Music can uplift moods and sometimes lives too, through a helping hand all the way from Moscow.
Russian band Kvatro on Tuesday helped to rebuild an entertainment centre at Akshar Forum, the city school that accepts used plastic bags and bottles as fees from underprivileged students.
The Moscow-based band, comprising professional musicians and singers Leonid Ovrutskiy, Anton Sergeev, Danila Karzanov and Anton Boglevskiy, is well-known in the crossover genre, playing classical, jazz and retro music to audiences in Russia, Europe, America and now India. They have released 12 albums in their 15-year career.
Kvatro had come to India to perform a concert, A Day of Moscow, in India in Delhi on Monday. The band wanted to do something meaningful for a school in India and zeroed in on Akshar Forum, a school on the outskirts here, which has been in the news for its novel educational and environment-friendly initiatives.
The 120 students at Akshar bring around 25 used plastic bags and bottles every week to be recycled and turned into plastic bricks that are used in small construction activities on the school premises.
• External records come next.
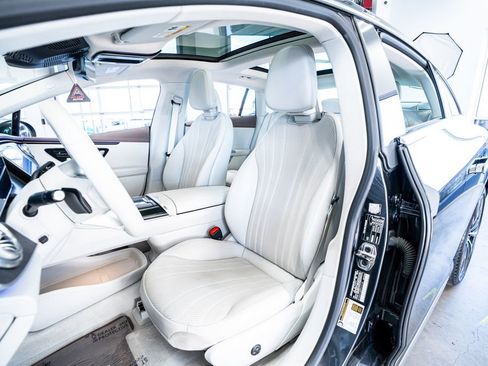 Used 2023 Mercedes-Benz EQE 350+ 4MATIC Sedan image 37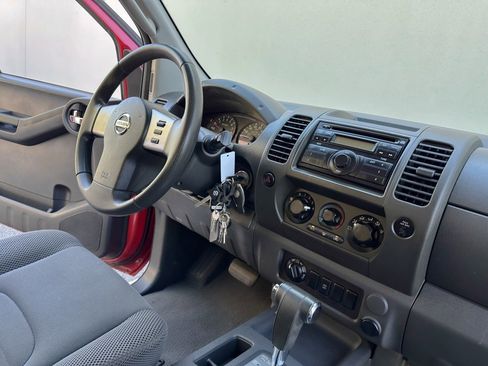 Used 2008 Nissan Xterra X AWD/4WD image 31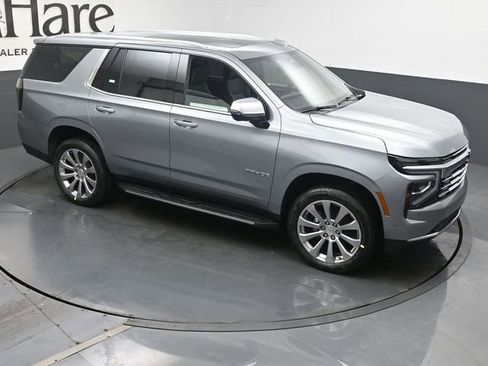 New 2026 Chevrolet Tahoe Premier w/ Sun And Tow Package AWD/4WD image 17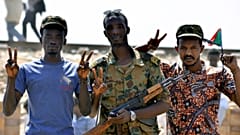 موج استعفای مقامات سودان؛ رئیس سازمان اطلاعات هم کناره‌گیری کرد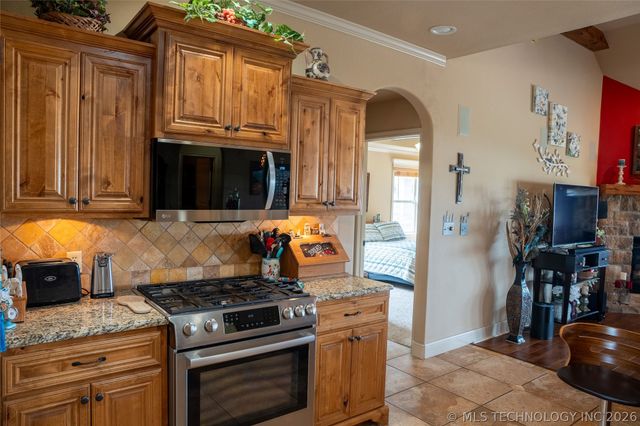 13826 N 59th East Place, Collinsville, OK 74021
An eight-member team of the band members, photographers and support staff arrived here on Tuesday and lent a hand, both literally and financially, to help rebuild a dilapidated entertainment centre so that the students can showcase their talent in art and music.
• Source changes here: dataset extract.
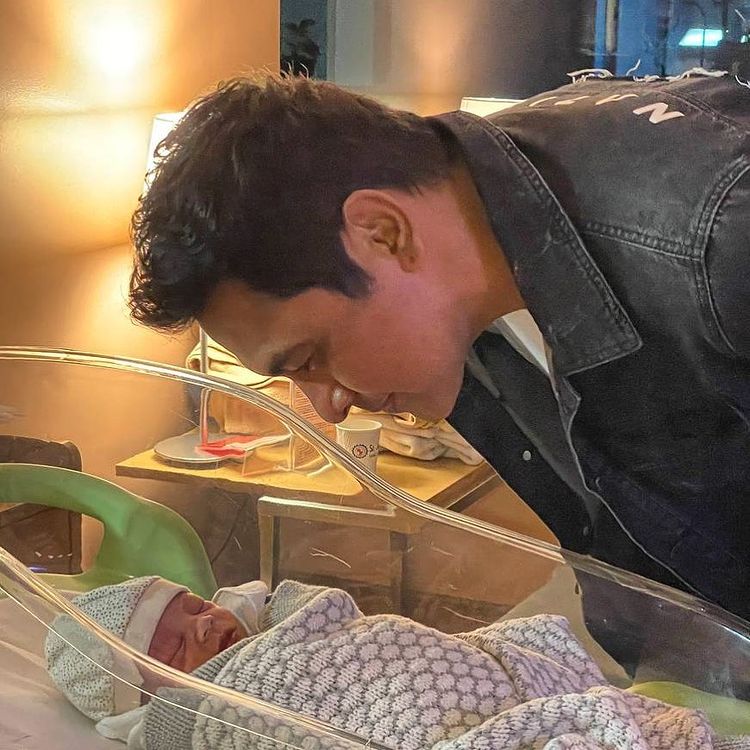 Luch meets his grandfather, Gary Valenciano.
The entertainment centre is a structure with a tin roof and bamboo-mat walls, which the band helped to replace with new ones paid for by them.
The band members were excited to see the seven bamboo-and-thatch classrooms of Akshar designed to afford maximum air flow and natural light.
The two Antons, Danila and Leonid, mingled with the students and asked questions related to their studies and the role they were playing in saving the environment. “The band has fallen in love with the school. We have footage of the band members dancing and playing with the students to a new song by Kvatro to be released in December or January. The song is about children and the need to protect them,” said manager of the band, Gayane.
“We want to show the world that doing something positive is possible without spending too much time and money,” she added.